“Divergent” Takes the Path Most Traveled

Divergent

Divergent (Neil Burger, 2014)

In a post-apocalyptic world, where the survivors once struggled in the aftermath of war but have since rebuilt their society in new and innovative – and, to some, frightening – ways, a young rebel will emerge in a time of crisis to lead the faithful forward on the path to a new and better life. Her name is . . . Beatrice Prior. If you thought I was going to write Katniss Everdeen, then you haven’t been paying attention to the marketing hype over the past month (and more power to you!). If you don’t even know who Katniss is, then I wish you the best in navigating the fevered dystopian landscape of today’s best-seller scene, as populated as it is with hit young-adult book series like The Hunger Games and Divergent. May the odds be ever in your favor.

The Divergent series consist of three books (surprise!), the last of which, Allegiant, was just published in October, 2013. The author is 25-year-old Veronica Roth, who sold the first book while she was still a Senior at Northwestern University. My hats off to her! I just wish the series were better and less derivative of so many previous works (The Hunger Games being only the most obvious source). I have read the first book and the second (Insurgent), and am now struggling through the third (really struggling).
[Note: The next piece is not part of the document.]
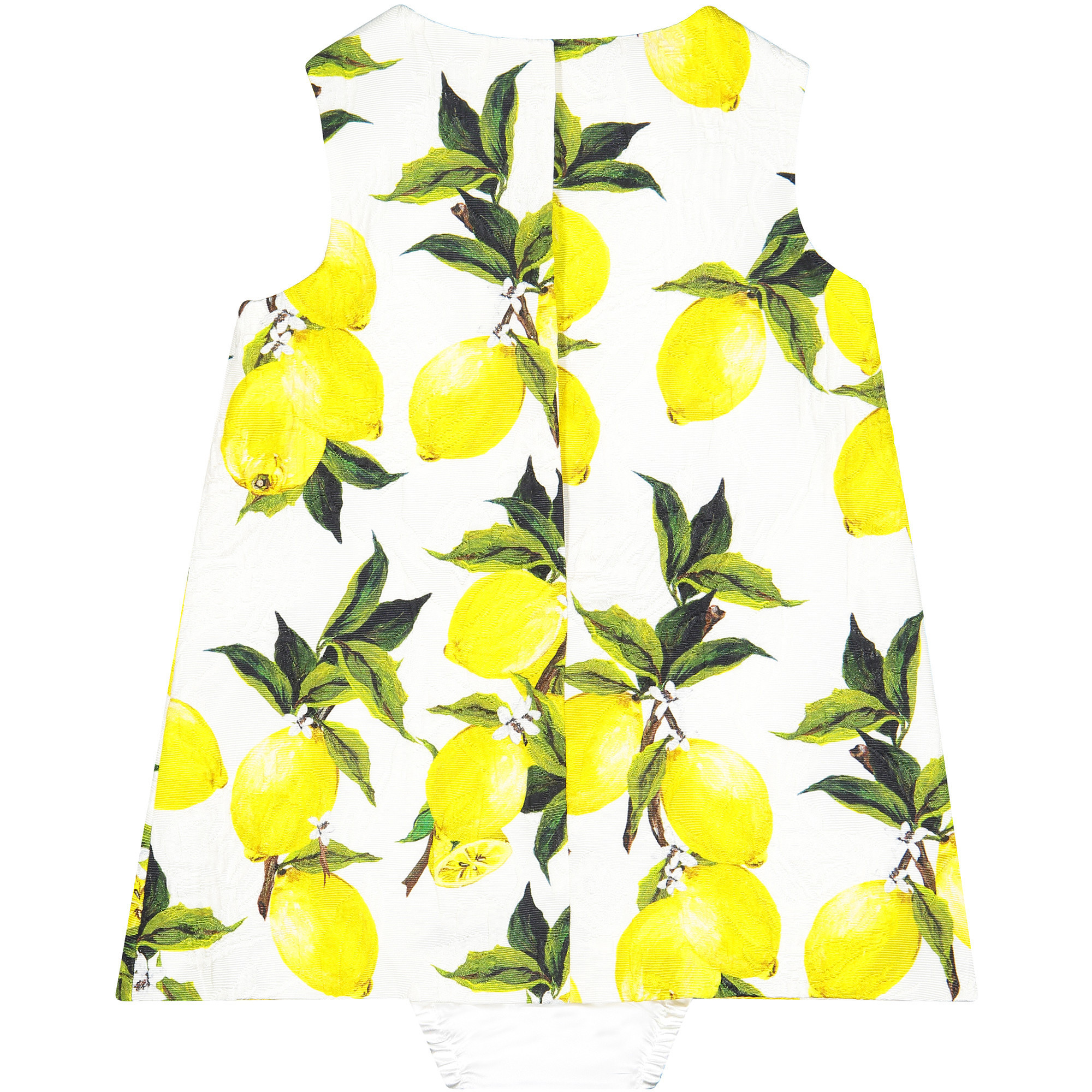 Detail Dolce And Gabbana Lemon Print Nomer 29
The writing has deteriorated with each volume, becoming ever more stale and desperate. I don’t know if I’ll make it to the end of Allegiant before my library e-book loan expires (I have no intention of buying).
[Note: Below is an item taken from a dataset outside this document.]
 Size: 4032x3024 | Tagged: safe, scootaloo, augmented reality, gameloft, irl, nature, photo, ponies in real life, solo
Still, the first book had some interesting aspects to it, and since the movie hews close to its plot, I’ll briefly describe the world of both. In a Chicago of an unspecified future, the remnants of human civilization have divided themselves into five “factions” – Abnegation, Amity, Candor, Dauntless, Erudite – where the character trait implied by the faction name is practiced by its members to the near-exclusion of all other behaviors (if you’re looking at that list and wondering why “Amity” isn’t “Benevolence” – for example – to make it a perfect alphabetical list that would match the simplicity of the conceit, I have no answer for you.). Every Chicagoan must, at the age of 16, choose whether to remain in their birth faction or switch to one more in line with how they see themselves. Since the members of Abnegation are supposed to be selfless, they govern the city; Amity farms (don’t ask); Candor debates openly and without prejudice (which somehow serves the city); Dauntless guards the city’s perimeter; and Erudite gathers knowledge, invents things, and wonders why they don’t get to rule (why is it so frequently the intellectuals – often the targets of bullying in real life – who are the bad guys in fiction?).

Beatrice is from Abnegation, and on choosing day she switches to Dauntless. She is different than most others, however, for she is “divergent,” which means she is not simply categorized, and thinks outside the box. She is a threat to the world order. In the middle of the dangerous and life-threatening Dauntless initiation, Beatrice (who has now chosen to be called “Tris,” instead) discovers that there may be a plot to overthrow the current political system through violent means, with Erudite (of course) manipulating the Dauntless and using them as their private army. What clever little evil intellectuals they are!

In spite of my obvious cynicism (is it that obvious?), I kind of enjoyed the first book. True, the premise is absurd. Why those five factions? And would anyone really want to always be any one of those five characteristics, all the time? Besides that, though, I found the details compelling, and enjoyed the main character’s journey. So I was looking forward to seeing what the movie would be like, especially since it is directed by the man who gave us Interview with the Assassin and The Illusionist

To be fair, if you’re a fan of the series, you will probably find much to like in the film. What differences there from the source material are so slight as to be meaningless. Neil Burger does a decent job with the action scenes, even if the violence has been significantly toned down for the PG-13 rating (and even if the CGI looks terrible). If you haven’t read the book, then why are you watching the film? The reviews have been terrible . . .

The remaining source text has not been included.